[What is required]
Return exactly, please, the lines from the one containing "I used to be" to the last line of the entries below, and nothing else, leaving pictures out.

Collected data
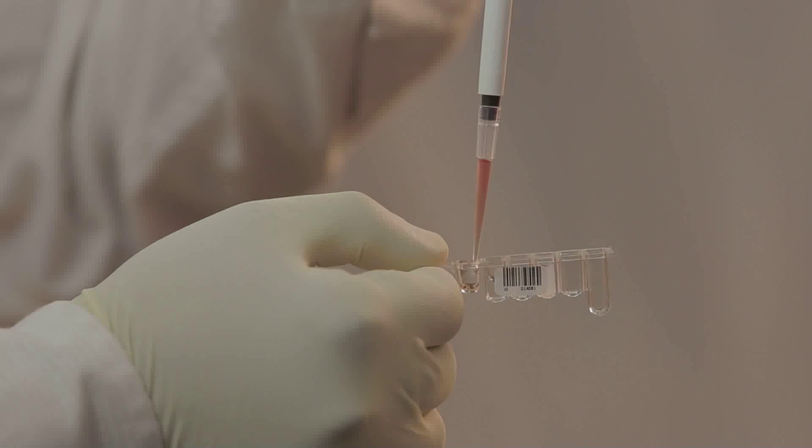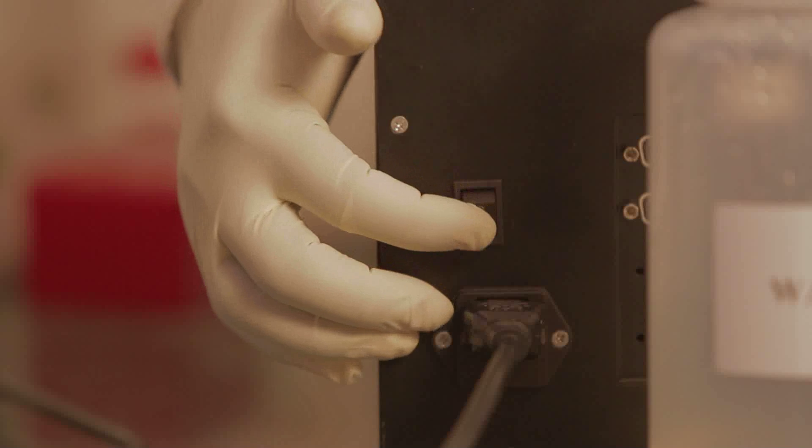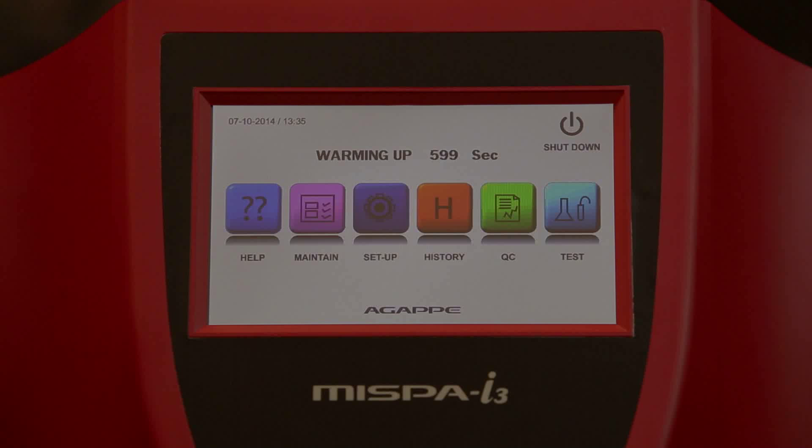The sample is loaded on a specially designed cartridge that uses only a few microlitres of sample. Switch on the analyzer. The analyzer will enter into self-test operations along with temperature stabilization that will ensure the analyzer is properly working.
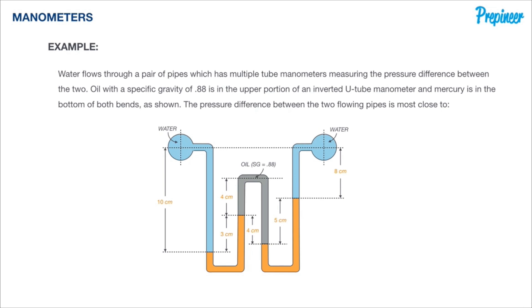We have that flow of water coming in and out of our screen, and a very complex compound manometer connecting the two pipes with three U-tube manometers — two typical and one inverted — all measuring the pressure difference between the two flowing fluids. The blue color represents water, gray represents oil in the inverted U-tube portion, and orange represents mercury in the two other manometers. We are given various measurements and fluid properties to determine the pressure difference between the two pipes.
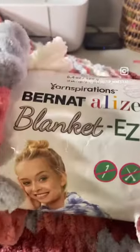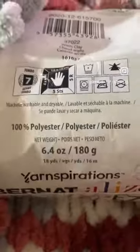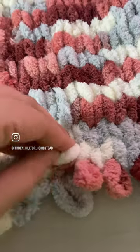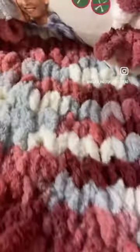I used to be a big fan of Bernat blanket ease yarn but I don't find myself reaching for it that much anymore. It's a 100% polyester size 7 jumbo yarn with pre-made loops that are super easy to link together to create blankets, scarves, and all kinds of things.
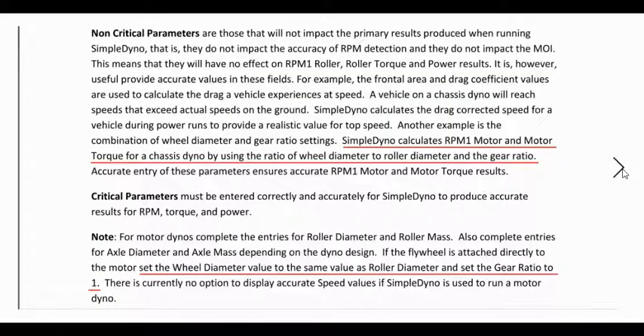Having ruled out a moment of inertia issue, when all else fails, you read the manual. Going through the manual on the non-critical parameters, there was a line: Simple Dino calculates RPM, motor, and motor torque for a chassis dyno by using the ratio of wheel diameter to roller diameter and the gear ratio. So we do have a gear ratio in there, and factors for wheel diameter and roller. Maybe I had entered the wrong values. They also had another section: for motor dynos, you set the wheel diameter value to the same value as roller diameter and set the gear ratio to 1. So we've got some conflicting information for the way I'm running this dyno.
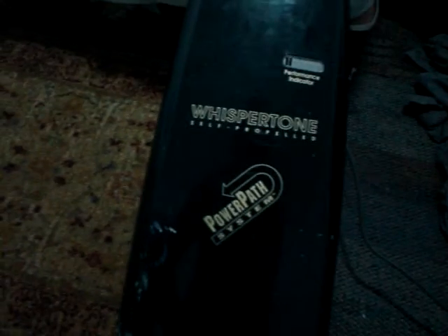Hello YouTubers, this is my — well, new to me but used — Kenmore Whispertone Self-Propelled Power Path System, or a Kenmore Power Path System Whispertone Self-Propelled, however you really want to pronounce it.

[Task answer]
I used to be a big fan of Bernat blanket ease yarn but I don't find myself reaching for it that much anymore. It's a 100% polyester size 7 jumbo yarn with pre-made loops that are super easy to link together to create blankets, scarves, and all kinds of things.
Having ruled out a moment of inertia issue, when all else fails, you read the manual. Going through the manual on the non-critical parameters, there was a line: Simple Dino calculates RPM, motor, and motor torque for a chassis dyno by using the ratio of wheel diameter to roller diameter and the gear ratio. So we do have a gear ratio in there, and factors for wheel diameter and roller. Maybe I had entered the wrong values. They also had another section: for motor dynos, you set the wheel diameter value to the same value as roller diameter and set the gear ratio to 1. So we've got some conflicting information for the way I'm running this dyno.
Hello YouTubers, this is my — well, new to me but used — Kenmore Whispertone Self-Propelled Power Path System, or a Kenmore Power Path System Whispertone Self-Propelled, however you really want to pronounce it.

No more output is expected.